→ **Exercise**
Each line between the one holding "株式会社テイケイ西日本の求人・転職情報" and the end of the material below, both included, is to be transcribed word for word, with pictures left out.

→ **Data**
Start of Block

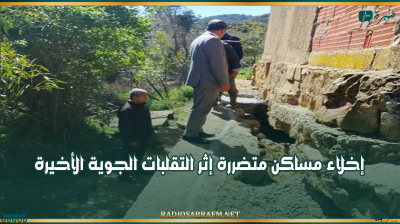 عين دراهم: إخلاء مساكن متضررة إثر التقلبات الجوية الأخيرة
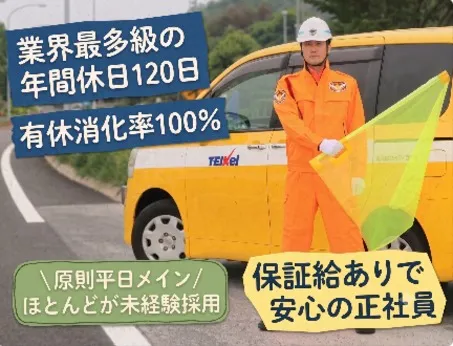 株式会社テイケイ西日本の求人・転職情報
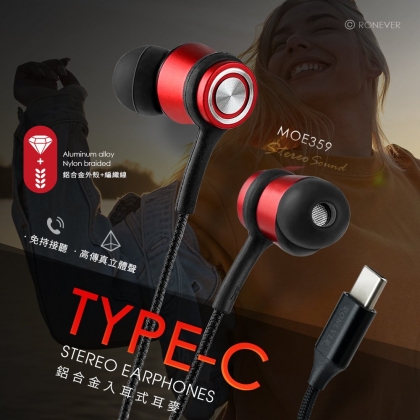 TYPE-C鋁合金入耳式耳麥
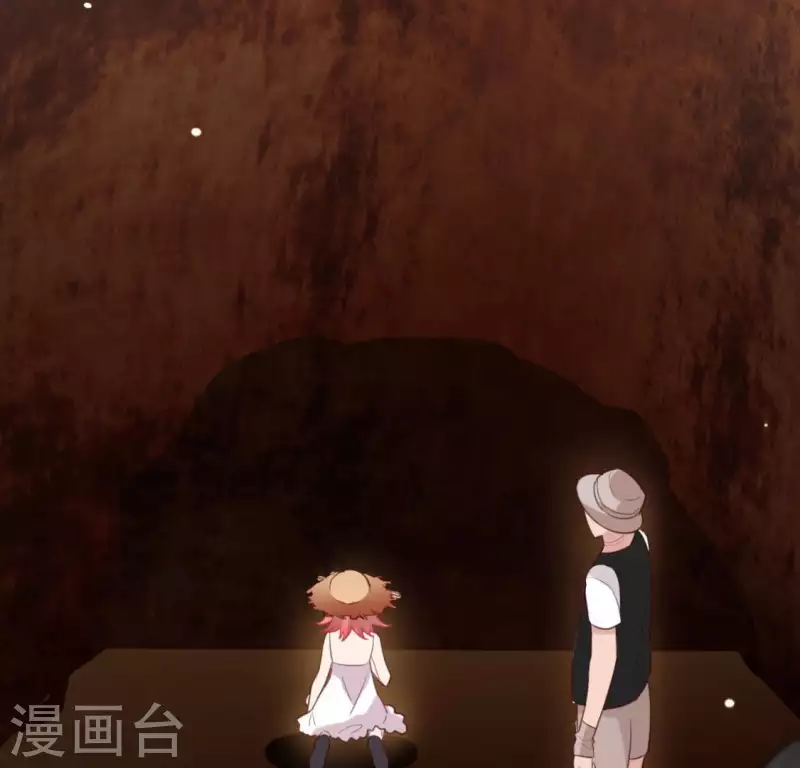 神明大人求放過 - 第42話 鏡子裡的奇怪東西(1/2) - 7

End of Block

→ **Solution**
 株式会社テイケイ西日本の求人・転職情報
 TYPE-C鋁合金入耳式耳麥
 神明大人求放過 - 第42話 鏡子裡的奇怪東西(1/2) - 7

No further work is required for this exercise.